Dengan tegas Hasdar menyatakan bahwa TIDAK ADA SATUPUN ATURAN HUKUM yang mewajibkan aparat penegak hukum meminta izin kepala negara untuk menangkap seorang jaksa.
“Itu Klaim Tidak Berdasar!”
“Proses hukum sepenuhnya menjadi kewenangan aparat penegak hukum dan tidak perlu dikaitkan dengan kepala negara,” tegas HASDAR.

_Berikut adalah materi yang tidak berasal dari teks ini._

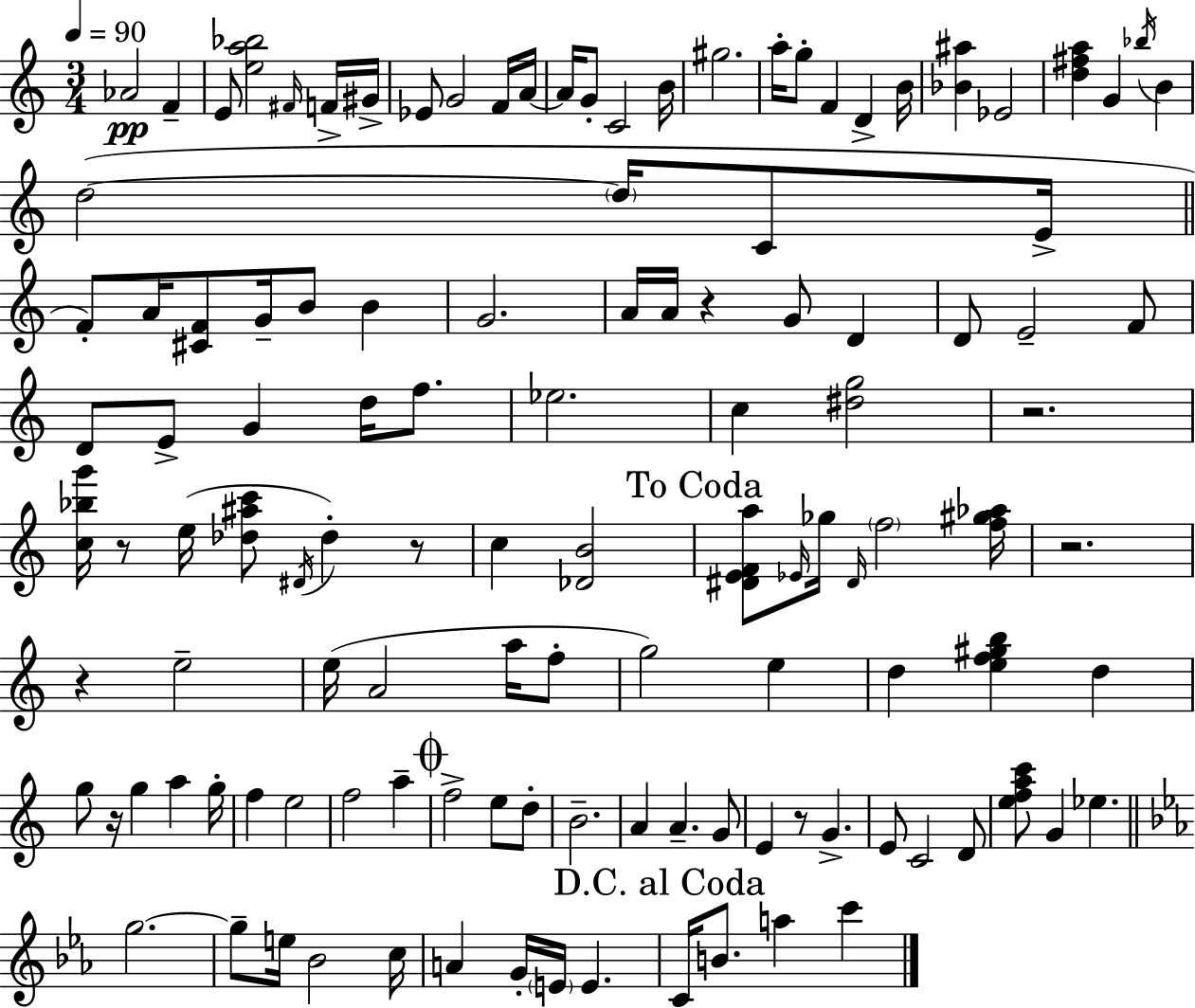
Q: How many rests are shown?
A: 8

Menurutnya, pernyataan Hotman Paris tersebut tidak memiliki dasar hukum yang kuat dan justru memicu tanda tanya publik mengenai koordinasi antar lembaga negara dalam penanganan kasus yang menyeret mantan petinggi Kejaksaan Agung.
SAMA DI MATA HUKUM!
Hasdar mengingatkan bahwa Indonesia adalah negara hukum. Setiap warga negara memiliki kedudukan yang sama di mata hukum.
“Tidak penting dia orang berpangkat tinggi atau rendah. Yang jelas pada intinya semua sama di mata hukum,” ujarnya.
Penegakan hukum harus dilakukan terhadap SIAPA PUN yang terbukti melanggar aturan, tanpa melihat jabatan atau latar belakang.
PRESIDEN PUN TEGAS
Hasdar juga menyoroti sikap tegas Presiden yang telah menyatakan:
“Siapa melanggar hukum harus ditindak. Tegakkan hukum setegak-tegaknya!”
“Jadi tolong jangan membawa-bawa nama presiden dalam urusan penegakan hukum yang sudah jelas kewenangannya,” pungkas Hasdar.